2021 South Korean film

The Devil's Deal is a 2021 South Korean crime thriller film directed by Lee Won-tae, starring Cho Jin-woong, Lee Sung-min and Kim Mu-yeol. The film is about betrayal and conspiracy between three men who start a dangerous deal for money, power, fame, and their own desires. It was released theatrically in South Korea on March 1, 2023.

== Plot ==
In 1992, Busan, Hae-woong, a perennial candidate for the National Assembly, dreams of ending his struggling political career. This time, he is determined to win the election and secure a parliamentary seat. However, he is betrayed by Soon-tae, a power broker who dominates the political scene, and loses his party's nomination for his district.

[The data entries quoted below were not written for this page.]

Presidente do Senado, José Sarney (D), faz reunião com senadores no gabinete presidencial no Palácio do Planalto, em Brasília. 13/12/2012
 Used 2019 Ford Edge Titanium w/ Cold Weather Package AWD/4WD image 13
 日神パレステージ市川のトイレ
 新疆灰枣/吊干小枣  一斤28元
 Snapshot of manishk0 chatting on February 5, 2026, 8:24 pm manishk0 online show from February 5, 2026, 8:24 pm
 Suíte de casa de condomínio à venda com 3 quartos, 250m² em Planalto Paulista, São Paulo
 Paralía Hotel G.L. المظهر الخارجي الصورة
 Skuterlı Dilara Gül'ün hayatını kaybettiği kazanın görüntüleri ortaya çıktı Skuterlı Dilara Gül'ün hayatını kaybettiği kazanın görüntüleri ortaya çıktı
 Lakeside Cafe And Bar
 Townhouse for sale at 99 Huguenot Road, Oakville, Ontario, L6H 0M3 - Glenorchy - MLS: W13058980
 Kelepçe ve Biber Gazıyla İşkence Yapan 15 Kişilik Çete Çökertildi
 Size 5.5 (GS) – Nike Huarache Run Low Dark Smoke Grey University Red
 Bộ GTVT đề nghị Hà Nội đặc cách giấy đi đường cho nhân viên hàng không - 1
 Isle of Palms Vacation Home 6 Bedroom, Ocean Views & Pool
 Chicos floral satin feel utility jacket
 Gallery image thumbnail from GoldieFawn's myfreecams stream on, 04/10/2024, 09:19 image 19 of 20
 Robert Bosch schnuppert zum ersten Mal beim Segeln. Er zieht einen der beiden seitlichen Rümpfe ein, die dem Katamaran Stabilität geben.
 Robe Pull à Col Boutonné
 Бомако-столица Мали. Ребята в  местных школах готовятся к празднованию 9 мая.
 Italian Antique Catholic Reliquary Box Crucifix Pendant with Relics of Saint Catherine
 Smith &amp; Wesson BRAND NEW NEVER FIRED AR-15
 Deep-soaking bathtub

Determined to overturn the election game orchestrated by Soon-tae, Hae-woong obtains a classified document containing redevelopment plans for the Busan area. With the help of action-driven gangster Pil-do, he secures the funds needed for his campaign and enters the election as an independent candidate, gaining momentum. But Soon-tae learns of the secret document in Hae-woong's possession and begins to tighten the noose around him, leading to an escalating battle of wits and power.

== Cast ==
- Cho Jin-woong as Jeon Hae-woong
- Lee Sung-min as Kwon Soon-tae
- Kim Mu-yeol as Kim Pil-do
- Son Yeo-eun as Sang-mi
- Kim Min-jae as Jang-ho
- Won Hyeon-jun as Jeong Han-mo
- Park Se-jin as Dan-ah
- Kim Yoon-seong as manager of Park
- Lee Sang-won as Chief Ahn
- Yoo Seung-mok as Ahn Gyu-hwan
- Choi Min-cheol as manager

== Production ==
Principal photography began on April 30, 2020.

== Release ==
The film made its world premiere at the 25th Fantasia International Film Festival on August 7, 2021. The film also invited to the 41st Hawaii International Film Festival in November 2021 and the 20th Florence Korean Film Festival in April 2022.